Me: What husband? And Wolf’s no trucker, trust me. He’s the sous chef at Chez Bastille. And the truck’s mine. A classic Benz flatnose I got in Bratislava the day after the curtain went down. Fifteen gears, two splitters and a butterfly thumb I salvaged from a wrecked Peterbilt in Nome. Sweet. I’ll swing by and show you my rig when I get back from Lump Gulch, let you take it for a spin.
Flynt: No, that’s all right. Here’s your paperwork and we appreciate your business.
Me: Hey, an automotive guy like you! No way you’d pass up a chance to mesh all those gears, and in city traffic, too. I’ll be by day after tomorrow.
Flynt: No, really, fifteen gears? I don’t drive trucks. You pay at the cashier’s counter.
Me: Gee, you think I can walk all the way over there without assistance? It’s at least five yards.
Flynt: What in hell is a butterfly thumb?
Me: You’ll never know, baby. You’ll just never know.
Ridicuous, but it happens. For some reason or other, we are supposed to confine our elderly fenmale selves to public transit and never go out without a minder.
Does a butterfly thumb have anything to do with a butterfly valve?
Abbie,
I loved the dialogue. I, too, despise being treated like a little old lady. Recently, my new, young dermotologist assumed I was deaf when she looked at my chart and saw my birthdate. It was my intitial meeting with her for a routine check–up – I call it “mole patrol.”
Anyway, she screamed at me, “HOW ARE YOU, MRS. DAY?”
i glared at her and said, “I may be 68 but my hearing is fine.” It ruined my whole day.
L’esprit de l’escalier is alive and well in the blogosphere. It may also be found in novels where the protagonist gets to spray out witticisms like air freshener after the author has spent hours working out the dialog. In real life, most of my brilliant ripostes are unintentional: someone hears a clever reference in a particular word or slang phrase I’ve used.
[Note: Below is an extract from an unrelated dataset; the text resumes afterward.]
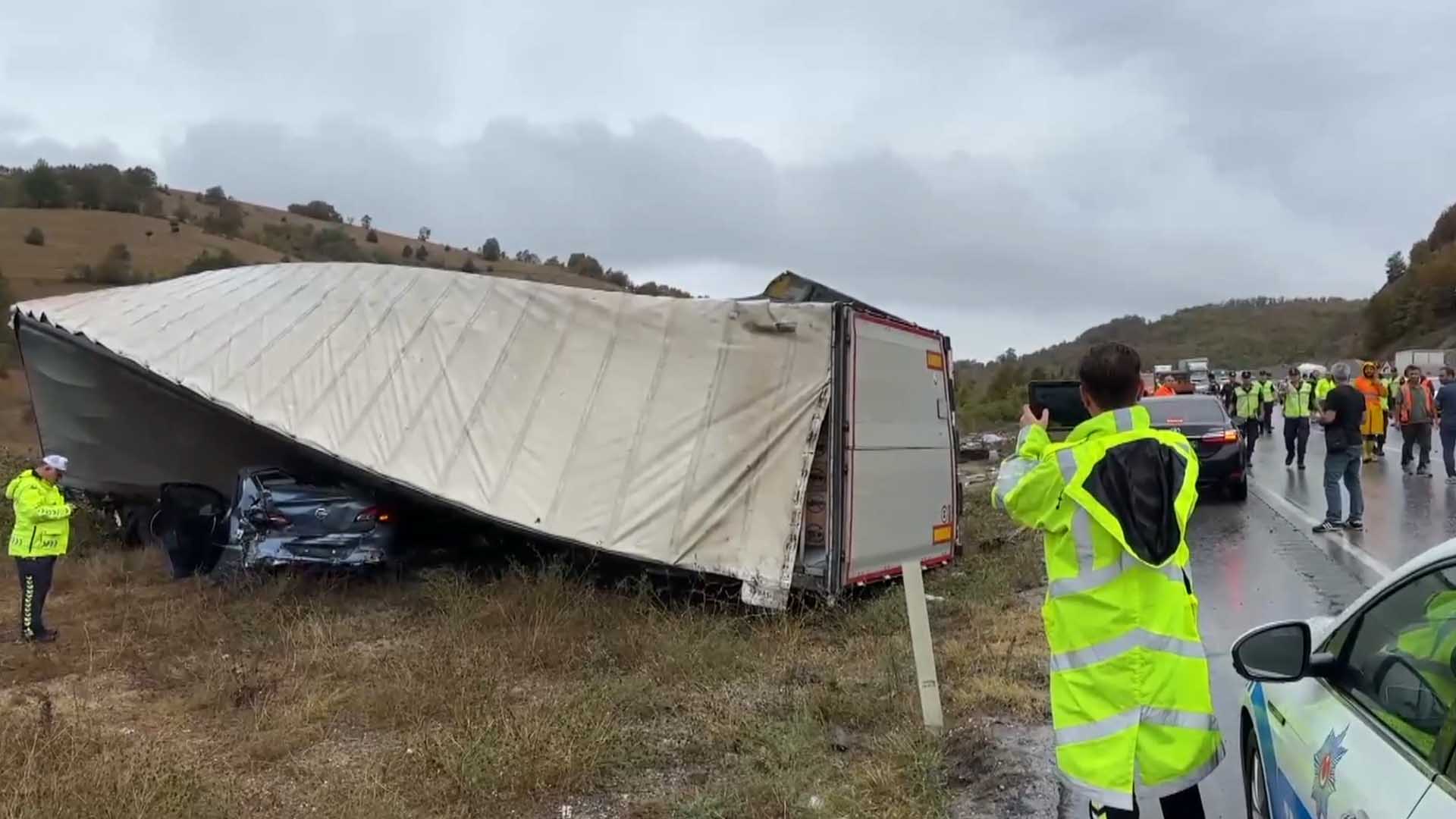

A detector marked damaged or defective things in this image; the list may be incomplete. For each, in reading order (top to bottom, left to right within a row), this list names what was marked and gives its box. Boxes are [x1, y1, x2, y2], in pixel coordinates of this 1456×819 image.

crushed car [153, 464, 397, 579]
overturned truck trailer [17, 264, 965, 607]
Love it! I usually don’t realize i’ve been insulted until way after the fact. Or i know I’ve been insulted but don’t think of a good response until later,
This reminds me of the time I was in the hospital with a pain and my doctor came in and was asking me to describe it. He had an intern or medical student or something with him. I started to describe the pain, pointing to the spot and saying it felt about the size of a walnut and radiated from there. The student, or whatever, said something like, “wow, how do you know a MEDICAL term like radiate?” I stopped and glared at him, the doctor hushed him, and I went on to describe the pain. It turned out to not be too serious after some tests.
This was about 45-50 years ago, but I still think about really good responses I good have made if I had a quicker wit!
“Radiate” is a medical term?
That’s exactly what I kept coming up with – after the fact, of course!
To go off topic, I just read ” An Unremembered Grave” and loved it.
I stayed up until after 1:30 am to finish it. I really know I loved a book when I start wondering about the characters lives after the end. Do Danni and Antoine meet again? What happens to Stephane? These questions kept me awake for a while after I finished. I am now reading “Bone Blind” and haven’t gotten too far into it yet. It takes a little longer when the narrative switches between 2 or more characters. It is interesting so far.
Thanks, Linda, I love hearing that you enjoyed Danni and Monk and Grimaud. And yes, there’s a sequel in the works but I have to finish the new Bo Bradley novel first. Lots going on!
Wow, new Bo Bradley! I’ve only been wanting one for years! I can’t wait. I’m glad to hear Dani & Antoine & Grimaud are going to live on, too. Thank you.